Ever since the Spaniards’ arrival in North America, it was the Catholic missionaries who resisted the worst elements of the Spanish occupation, Barron said.
“Junipero Serra stood in that tradition. Before we formulated a Bill of Rights on the East Coast of our continent, Serra was fighting for a bill of rights for native people in this part of the world,” Barron said.
Barron encouraged Californians to “look more to the present and the future” than the past, calling on the intercession of Our Lady of Guadalupe, as Serra often did.
“May we too unleash the power of the Gospel, which is precisely the power of compassionate love,” he concluded.
Pope Francis canonized Serra in Washington, D.C. on Sept. 23, 2015, saying that “Junípero sought to defend the dignity of the native community, to protect it from those who had mistreated and abused it.”
Amid the renewed controversy over Serra, at least three prominent statues of the saint have been forcibly torn down by protestors in California in recent months, including one in Golden Gate Park, San Francisco, on June 19 by a crowd of about 100 people, the same day a statue of the saint was torn down in Los Angeles.
Rioters pulled down and defaced a statue of Serra in Sacramento on July 4, inspiring a local Catholic to set up a makeshift shrine to Serra on the statue’s empty plinth July 5, and lead other Catholics in cleaning graffiti from the site.
A massive fire on July 11 devastated the mission church of San Gabriel, which Serra founded, in the Archdiocese of Los Angeles.
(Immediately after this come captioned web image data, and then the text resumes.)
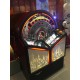 Authentique jukebox WURLITZER (cd)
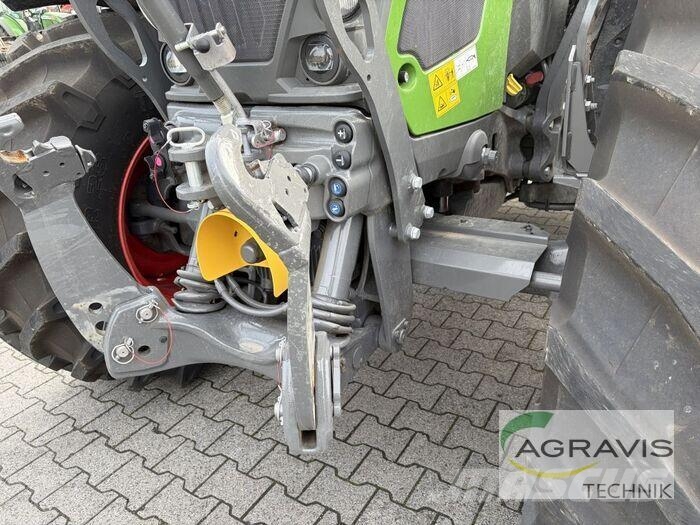 Fendt 618 VARIO GEN-1 Profi+ Setting 2 Τρακτέρ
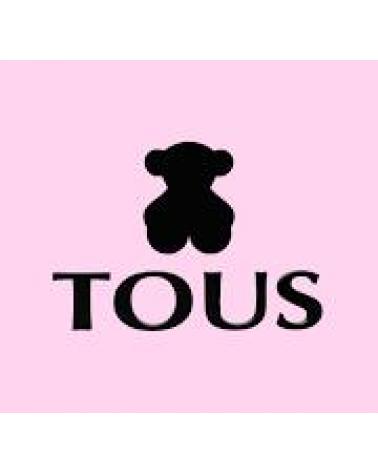 Logo of TOUS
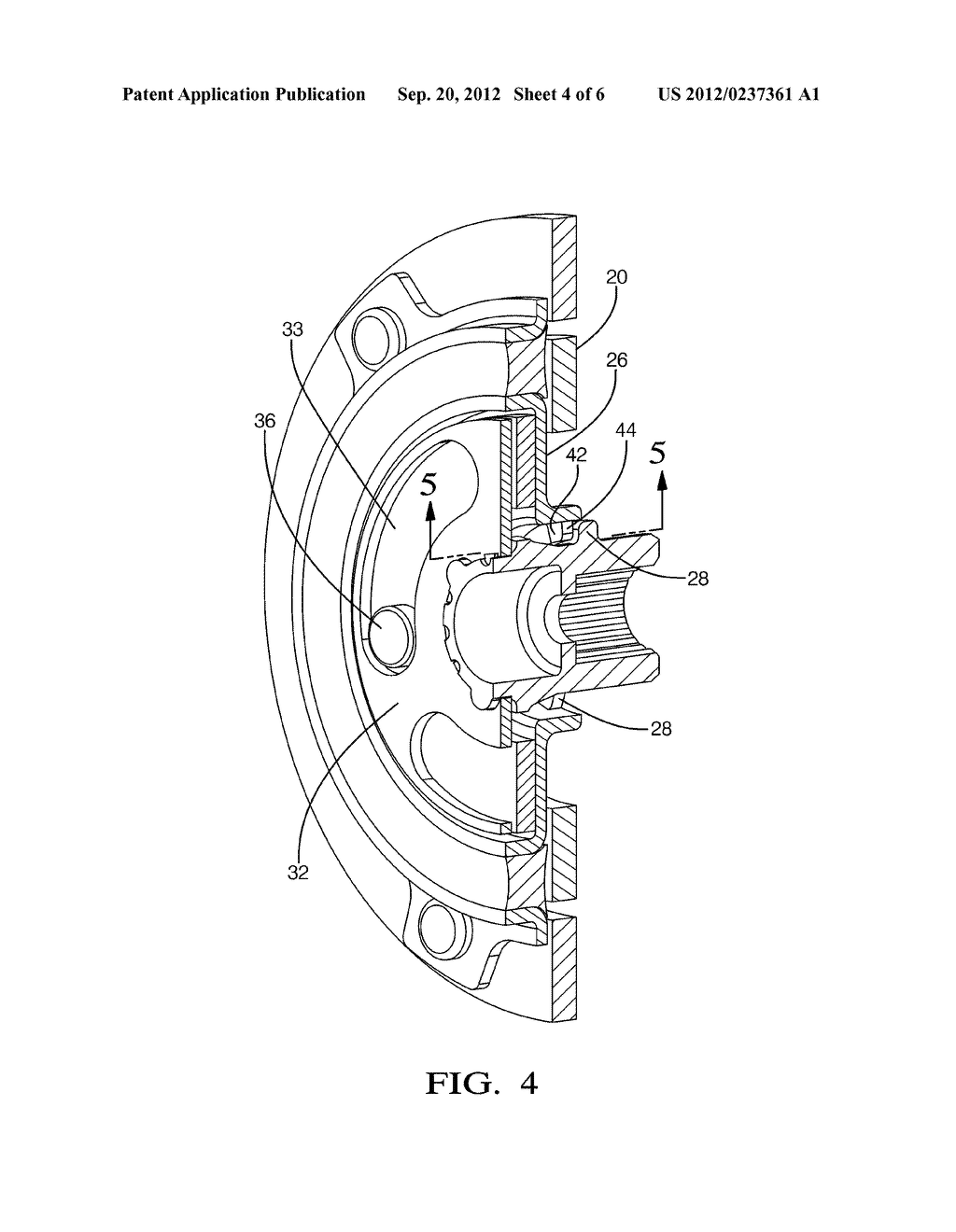 AIR CONDITIONING COMPRESSOR OVER-TORQUE PROTECTOR - diagram, schematic, and image 05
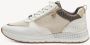 Tamaris Essentials Dames Sneakers IVORY COMB - Thumbnail 6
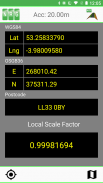 Local Scale Factor screenshot 2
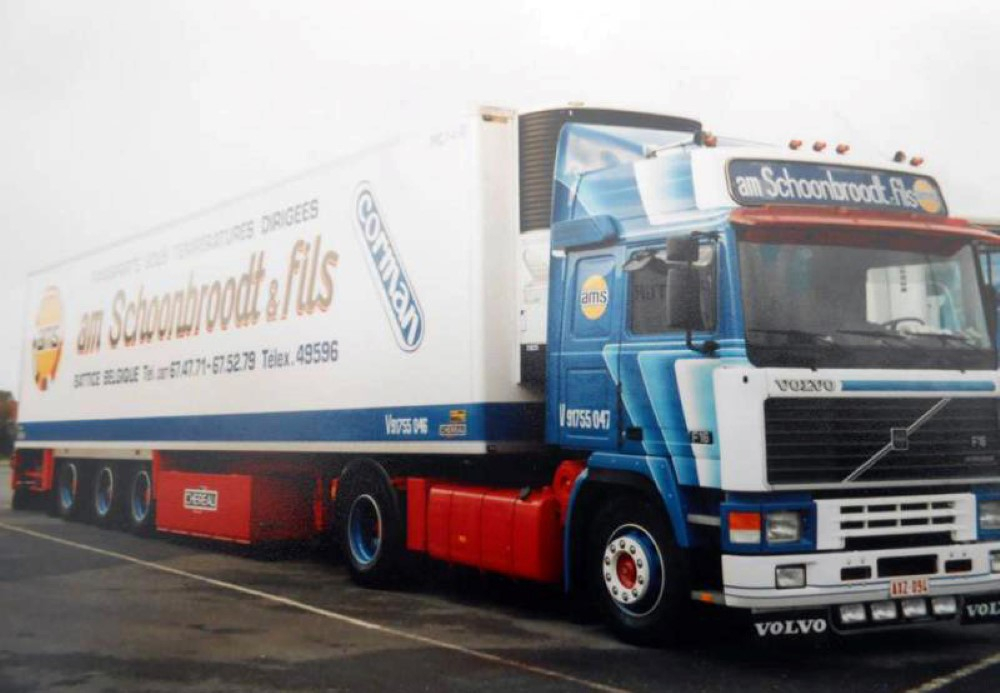 Schoonbroodt
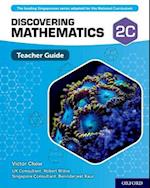 Discovering Mathematics: Teacher Guide 2C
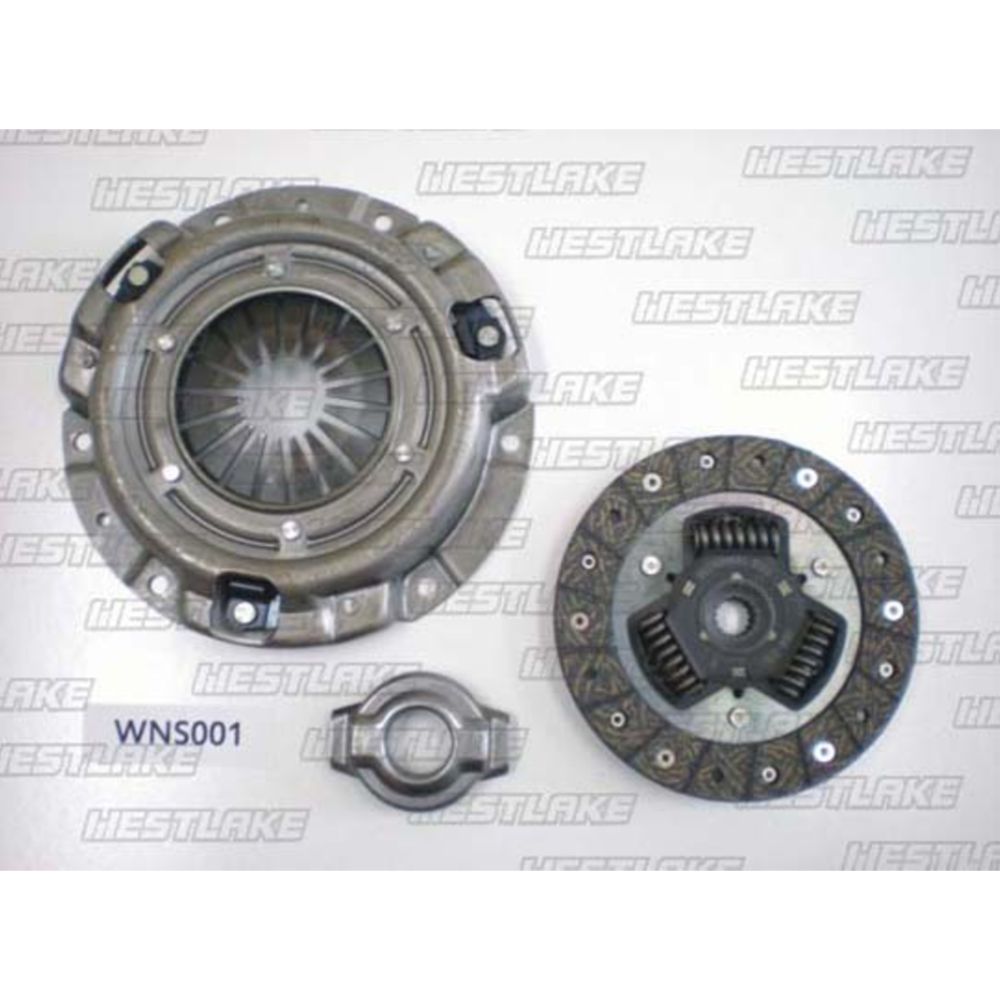 Kytkinpaketti 84-1483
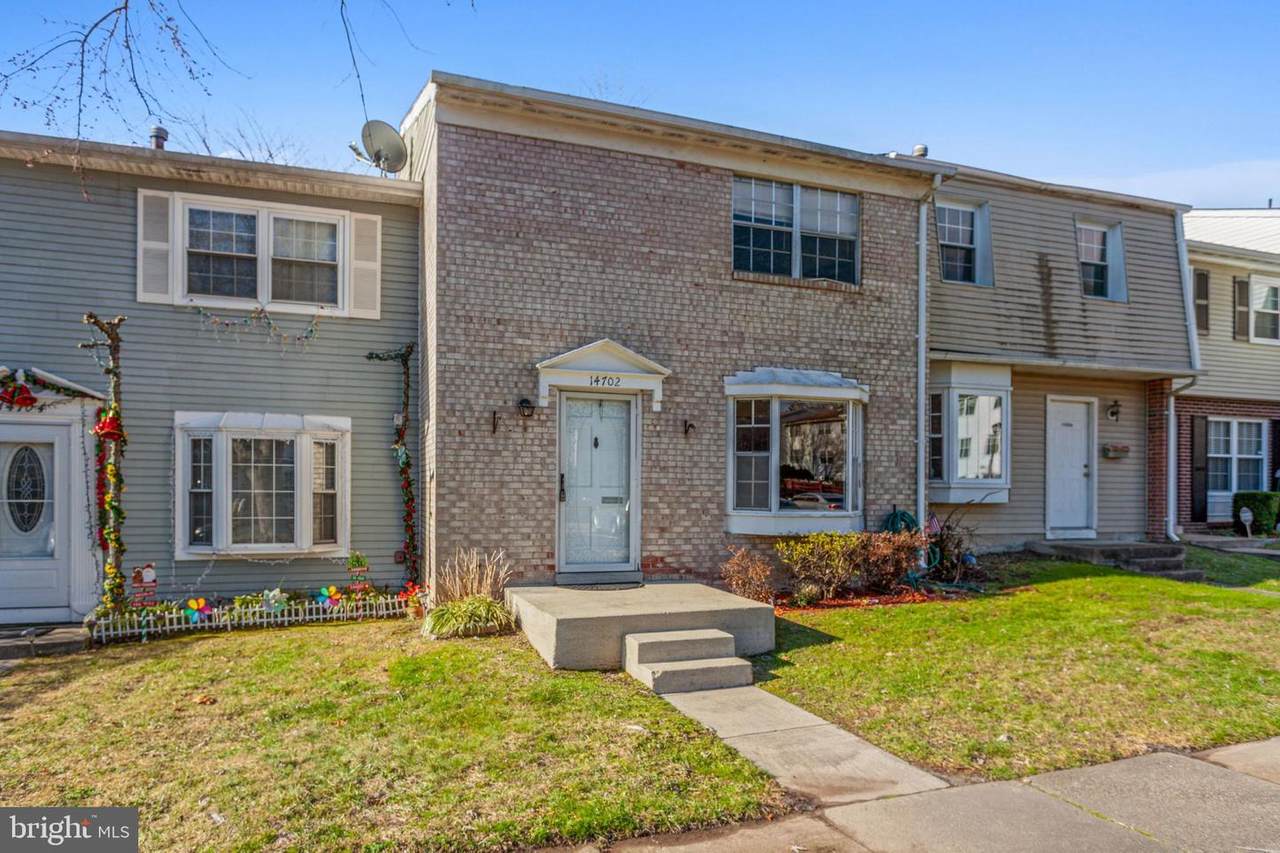 14702 Hackwood Street - Photo 1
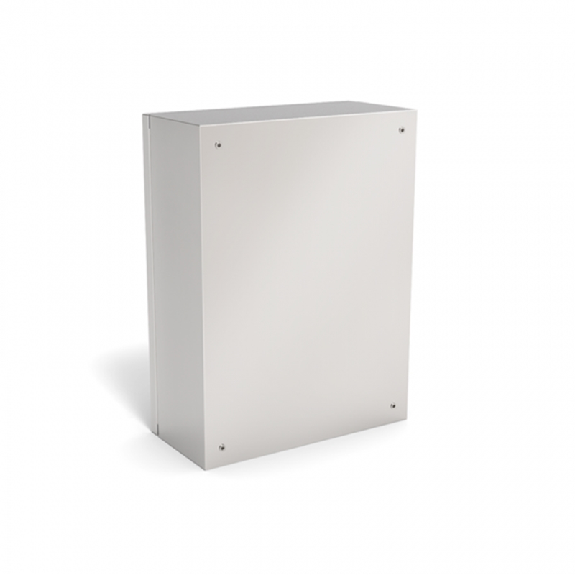 Coffret EQ 200 250 150 (LxHxP) inox AISI 304, IP66 Coffret EQ 200 250 150 (LxHxP) inox AISI 304, IP66-Lire la description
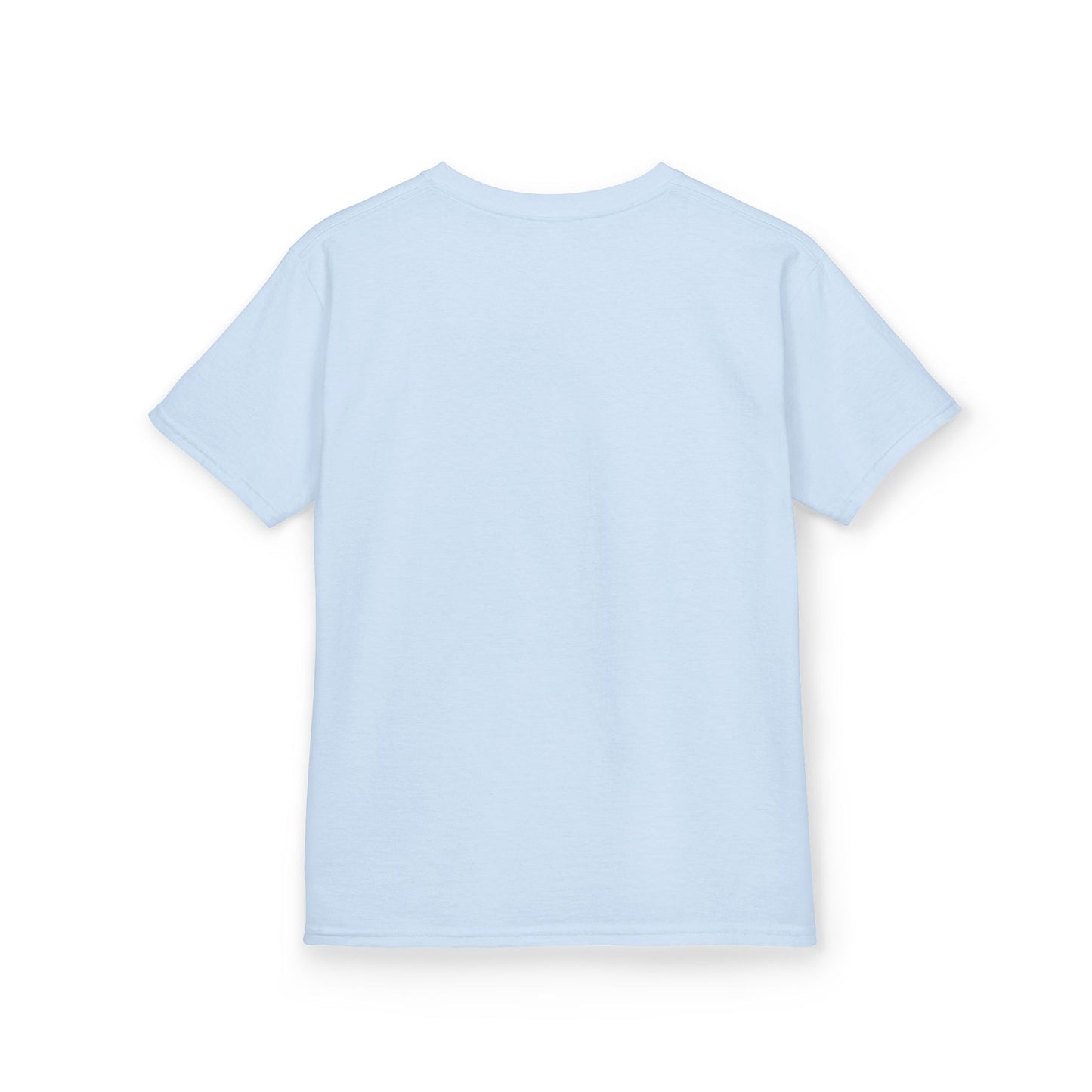 Retro Cute Valentine's Day T-Shirt, Tshirt, Kids Heavy Cotton™ Tee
The cause of the fire has not yet been announced, but it is being investigated as arson.
Other California missions such as San Luis Obispo and San Gabriel had in June moved their statues “out of public view” amid fears rioters may tear them down.
Several online petitions, calling for Serra’s image and name to be removed from various California communities and institutions, have garnered multiple thousands of signatures.
Professor Mendoza said the worst abuses against the Native Americans in California took place after the age of the missions ended, when the Spanish government ceased sending funding to the 21 mission sites, and to the Spanish military.
The Spanish soldiers, without the support of their faraway benefactors, began to prey on the missionaries and the Natives. Many more Natives died during this time than had in the 60 years that the missions were operational.
While the Native peoples of California did suffer instances of horrific abuse, Mendoza said many people conflate the abuses the Natives suffered long after Serra’s 1784 death with the period when Serra was alive and building the missions.
For example, the California gold rush in the 1840s— long after the end of the Spanish colonial era— saw hundreds of thousands of European settlers come to the area, with little to no protections afforded to the Natives.